On 05/26/2017 10:12 AM, Pierre-Marie de Rodat wrote:
On 05/08/2017 06:27 PM, Jason Merrill wrote:
That seems like a bug; if gen_typedef_die is going to generate a DIE
for a cloned typedef, it needs to associate the type with the DIE.

Hm… gen_typedef_die generates a DIE for a DECL node, but modified_type_die look for a DIE for the corresponding TYPE, and of course the lookup returns NULL. So just removing the “if (DECL_ABSTRACT_P (decl))” condition in gen_typedef_die is not enough to make the crash go away.

Right, the bug seems to be generating the useless DIE in the first place.

gen_typedef_die does create a DIE for them, it just doesn't do it
properly.  But we could change gen_typedef_die to abort in that case,
making this comment correct.

Something like this, which also avoids routinely creating DIEs for
local typedefs that will only be pruned away later; this patch doesn't
change the size of .debug_info in cc1plus.

I tried this, but I got a crash when compiling the Ada runtime (g-awk.adb).

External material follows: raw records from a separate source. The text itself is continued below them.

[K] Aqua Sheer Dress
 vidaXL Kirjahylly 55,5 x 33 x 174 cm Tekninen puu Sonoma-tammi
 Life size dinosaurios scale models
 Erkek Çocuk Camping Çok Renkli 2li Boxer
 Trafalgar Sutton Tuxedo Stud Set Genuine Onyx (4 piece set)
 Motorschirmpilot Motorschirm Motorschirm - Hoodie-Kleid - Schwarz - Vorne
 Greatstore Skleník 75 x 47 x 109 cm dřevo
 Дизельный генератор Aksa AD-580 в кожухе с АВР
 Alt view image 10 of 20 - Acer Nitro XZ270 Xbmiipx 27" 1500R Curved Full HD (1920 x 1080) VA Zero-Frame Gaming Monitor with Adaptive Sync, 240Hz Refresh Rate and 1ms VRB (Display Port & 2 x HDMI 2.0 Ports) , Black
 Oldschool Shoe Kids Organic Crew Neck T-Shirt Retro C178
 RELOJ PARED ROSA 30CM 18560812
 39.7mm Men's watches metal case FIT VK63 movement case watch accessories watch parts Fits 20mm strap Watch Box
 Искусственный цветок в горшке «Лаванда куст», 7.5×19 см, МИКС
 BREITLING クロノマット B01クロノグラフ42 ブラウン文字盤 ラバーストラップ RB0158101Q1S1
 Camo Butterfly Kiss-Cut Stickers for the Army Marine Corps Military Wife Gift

I could not extract a reproducer, but the idea is that because of the call to set_decl_origin_self, some DECLs have themselves as DECL_ABSTRACT_ORIGIN. As a result, my patch in modified_type_die does not prevent execution from calling gen_typedef_die with a DECL that has a non-null abstract origin. So I have to soften the assertion so that this specific case was still allowed in gen_typedef_die.

Perhaps the DECL_ABSTRACT_ORIGIN check in my patch should be decl_ultimate_origin instead, which should return null in that case?